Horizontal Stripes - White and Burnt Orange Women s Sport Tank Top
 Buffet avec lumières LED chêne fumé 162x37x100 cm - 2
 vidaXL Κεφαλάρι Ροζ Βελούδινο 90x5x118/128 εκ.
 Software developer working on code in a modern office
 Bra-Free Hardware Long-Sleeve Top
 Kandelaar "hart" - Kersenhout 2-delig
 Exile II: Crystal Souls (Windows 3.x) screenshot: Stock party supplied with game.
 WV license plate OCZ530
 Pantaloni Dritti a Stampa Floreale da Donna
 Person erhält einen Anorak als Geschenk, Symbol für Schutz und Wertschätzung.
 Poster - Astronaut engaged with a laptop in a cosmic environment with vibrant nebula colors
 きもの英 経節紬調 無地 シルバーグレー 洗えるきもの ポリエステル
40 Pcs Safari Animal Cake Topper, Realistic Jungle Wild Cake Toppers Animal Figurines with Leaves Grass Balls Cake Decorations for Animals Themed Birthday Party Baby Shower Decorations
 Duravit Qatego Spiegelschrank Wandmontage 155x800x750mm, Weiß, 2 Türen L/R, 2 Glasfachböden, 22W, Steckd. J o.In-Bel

☆ ☆ ☆ ☆

## How to complete this task
Exactly reproduce the entries in their entirety.

## Output below
Horizontal Stripes - White and Burnt Orange Women s Sport Tank Top
 Buffet avec lumières LED chêne fumé 162x37x100 cm - 2
 vidaXL Κεφαλάρι Ροζ Βελούδινο 90x5x118/128 εκ.
 Software developer working on code in a modern office
 Bra-Free Hardware Long-Sleeve Top
 Kandelaar "hart" - Kersenhout 2-delig
 Exile II: Crystal Souls (Windows 3.x) screenshot: Stock party supplied with game.
 WV license plate OCZ530
 Pantaloni Dritti a Stampa Floreale da Donna
 Person erhält einen Anorak als Geschenk, Symbol für Schutz und Wertschätzung.
 Poster - Astronaut engaged with a laptop in a cosmic environment with vibrant nebula colors
 きもの英 経節紬調 無地 シルバーグレー 洗えるきもの ポリエステル
40 Pcs Safari Animal Cake Topper, Realistic Jungle Wild Cake Toppers Animal Figurines with Leaves Grass Balls Cake Decorations for Animals Themed Birthday Party Baby Shower Decorations
 Duravit Qatego Spiegelschrank Wandmontage 155x800x750mm, Weiß, 2 Türen L/R, 2 Glasfachböden, 22W, Steckd. J o.In-Bel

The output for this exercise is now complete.